### Work instruction
Starting at the line that contains "in Hunan province." and stopping at the line that contains "研讨发言：坚定不移促进民营经济健康发展、高质量发展docx.docx", restate each line of the records below exactly. Omit the pictures.

** Opening Recorded data block **

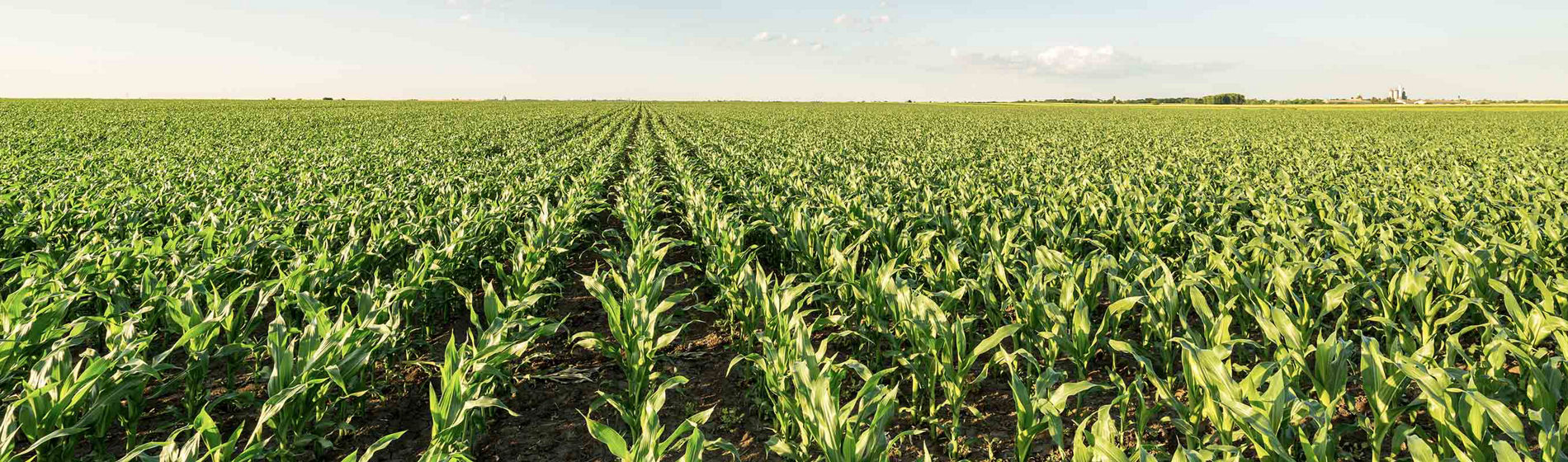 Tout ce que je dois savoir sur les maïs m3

** Closing Recorded data block **
** Opening Recorded data block **

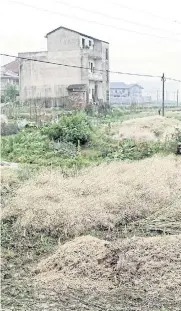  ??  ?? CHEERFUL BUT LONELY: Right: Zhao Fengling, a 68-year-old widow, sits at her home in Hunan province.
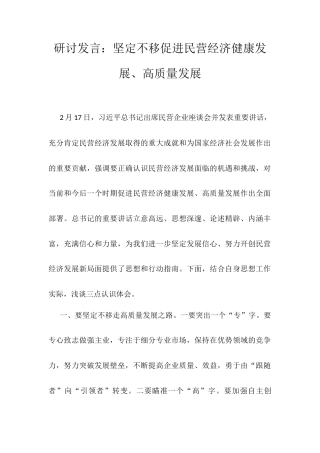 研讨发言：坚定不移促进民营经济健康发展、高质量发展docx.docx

** Closing Recorded data block **
** Opening Recorded data block **

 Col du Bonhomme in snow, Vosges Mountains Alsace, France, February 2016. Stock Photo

** Closing Recorded data block **

### Answer space
  ??  ?? CHEERFUL BUT LONELY: Right: Zhao Fengling, a 68-year-old widow, sits at her home in Hunan province.
 研讨发言：坚定不移促进民营经济健康发展、高质量发展docx.docx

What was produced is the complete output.